**Exercise details**
For the copy, please give all of the data again exactly and leave the pictures out.

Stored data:
════════════════════

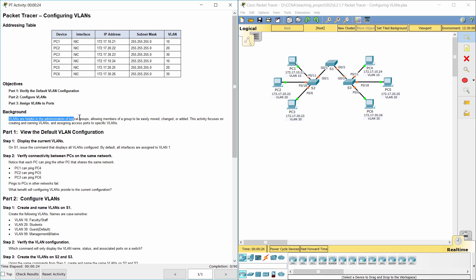VLANs are helpful in the administration of logical groups, allowing members of a group to be easily moved, changed, or added. This activity focuses on creating and naming VLANs, and assigning access ports to specific VLANs.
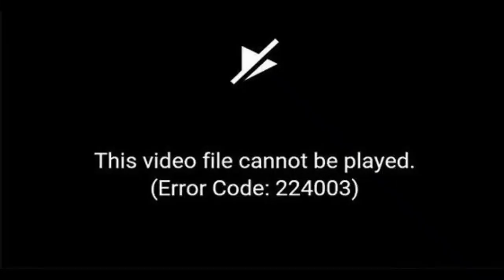Are you getting this error message while playing video on your web browser? If yes, then watch this video till the end because I am going to give you the best fixes.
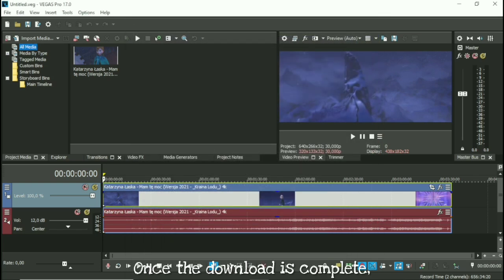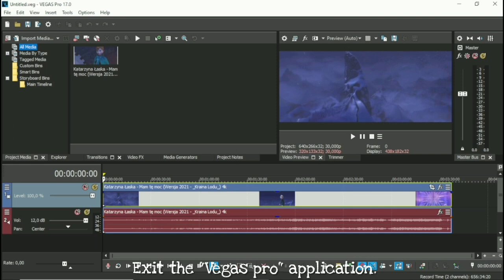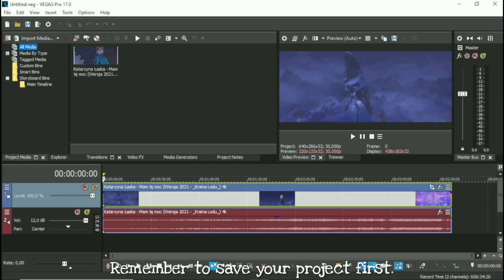Once the download is complete, exit the Vegas Pro application. Remember to save your project first.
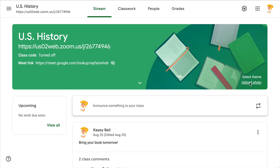Another thing teachers have tried is uploading a photo with information on it. However, Google Classroom is responsive, so as the screen shrinks or grows based on your phone or desktop, that information oftentimes gets lost or distorted. So it's definitely not perfect, but I do like the settings workaround as a backup, especially for other types of links or additional information you may need to add.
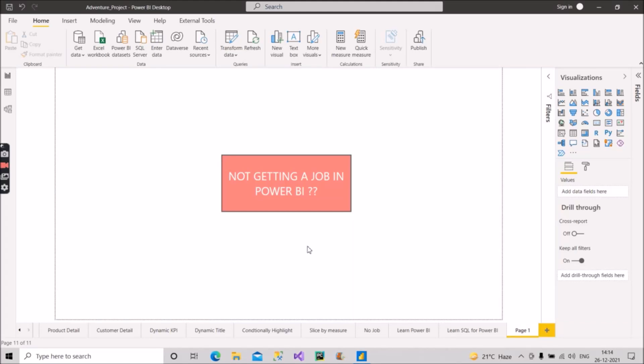So hello guys, welcome back to our channel Learn with Gigs. Today in this video we will discuss a very important topic that might be very helpful for many of you who are looking for a job in Power BI role.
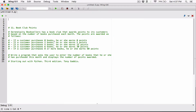If a customer purchases 0 books, they earn 0 points. 2 books, 5 points. 4 books, 15 points. 6 books, 30 points. 8 or more books, they earn 60 points. The program asks the user to enter the number of books purchased this month and displays the number of points awarded.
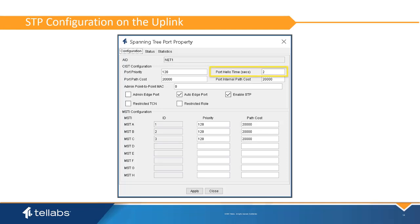Port hello time is the time between each BPDU sent on the port. This value defaults to two seconds and typically should not be modified. The hello time can be lowered to one second, but this doubles the CPU load for STP processing. Port internal path cost is the port path cost to be used for communicating downstream towards the ONTs and should not be modified.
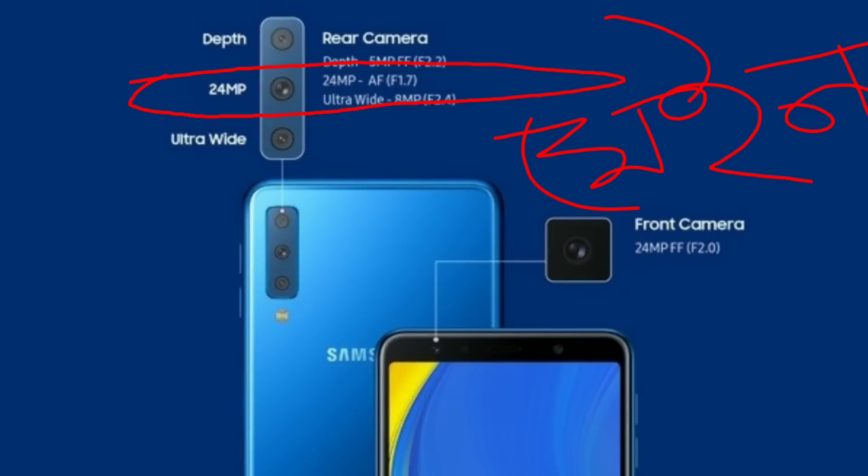If you look at the main camera, we can see the main camera. The primary camera is the first one. The main camera is 12MP, and the second is 5MP. Samsung's A7 has a 3D camera setup — the main camera is the second one, and the other one is the wide-angle.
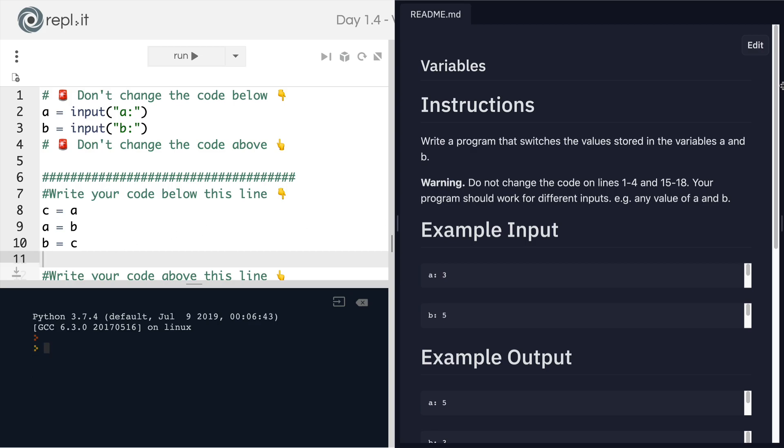And then you can move on to the next lesson where we're going to talk about some of the rules around naming variables. For all of that and more, I'll see you there.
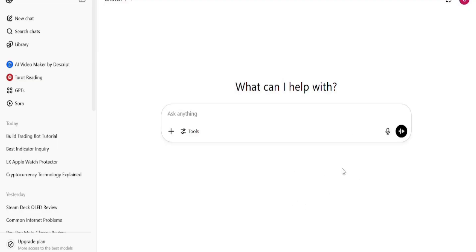In this video, I'll show you step by step how I built a risk-free trading bot using: 1. ChatGPT, 2. Binance Testnet, 3. Python — and yes, it works.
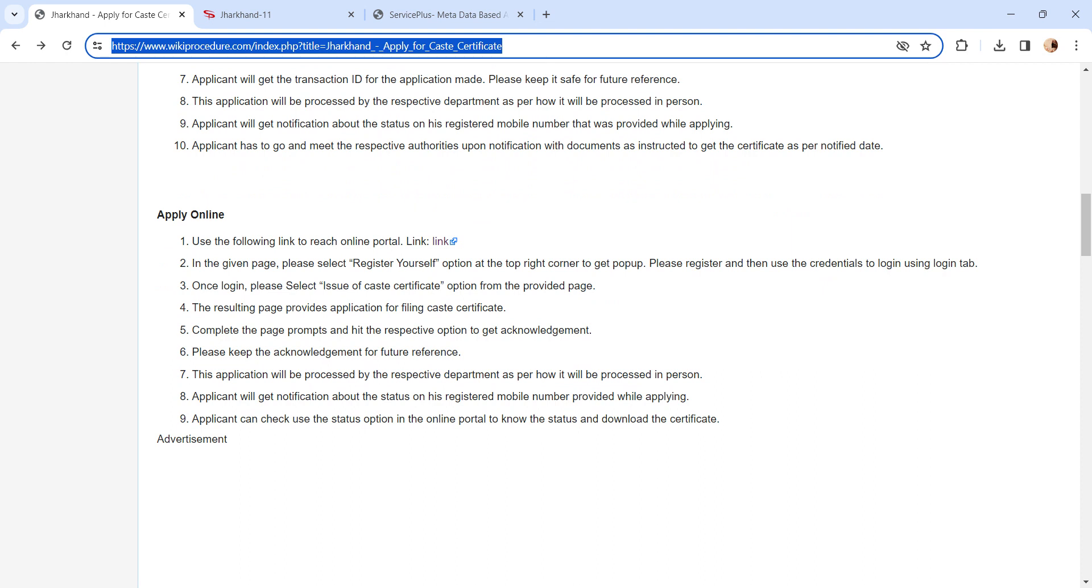The application will be processed further. All updates regarding the application status will be sent via SMS to your registered mobile number. You can check the status of the application anytime by logging into the online portal.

════════════════════

**Written response**
VLANs are helpful in the administration of logical groups, allowing members of a group to be easily moved, changed, or added. This activity focuses on creating and naming VLANs, and assigning access ports to specific VLANs.
Are you getting this error message while playing video on your web browser? If yes, then watch this video till the end because I am going to give you the best fixes.
Once the download is complete, exit the Vegas Pro application. Remember to save your project first.
Another thing teachers have tried is uploading a photo with information on it. However, Google Classroom is responsive, so as the screen shrinks or grows based on your phone or desktop, that information oftentimes gets lost or distorted. So it's definitely not perfect, but I do like the settings workaround as a backup, especially for other types of links or additional information you may need to add.
So hello guys, welcome back to our channel Learn with Gigs. Today in this video we will discuss a very important topic that might be very helpful for many of you who are looking for a job in Power BI role.
If a customer purchases 0 books, they earn 0 points. 2 books, 5 points. 4 books, 15 points. 6 books, 30 points. 8 or more books, they earn 60 points. The program asks the user to enter the number of books purchased this month and displays the number of points awarded.
Port hello time is the time between each BPDU sent on the port. This value defaults to two seconds and typically should not be modified. The hello time can be lowered to one second, but this doubles the CPU load for STP processing. Port internal path cost is the port path cost to be used for communicating downstream towards the ONTs and should not be modified.
If you look at the main camera, we can see the main camera. The primary camera is the first one. The main camera is 12MP, and the second is 5MP. Samsung's A7 has a 3D camera setup — the main camera is the second one, and the other one is the wide-angle.
And then you can move on to the next lesson where we're going to talk about some of the rules around naming variables. For all of that and more, I'll see you there.
In this video, I'll show you step by step how I built a risk-free trading bot using: 1. ChatGPT, 2. Binance Testnet, 3. Python — and yes, it works.
The application will be processed further. All updates regarding the application status will be sent via SMS to your registered mobile number. You can check the status of the application anytime by logging into the online portal.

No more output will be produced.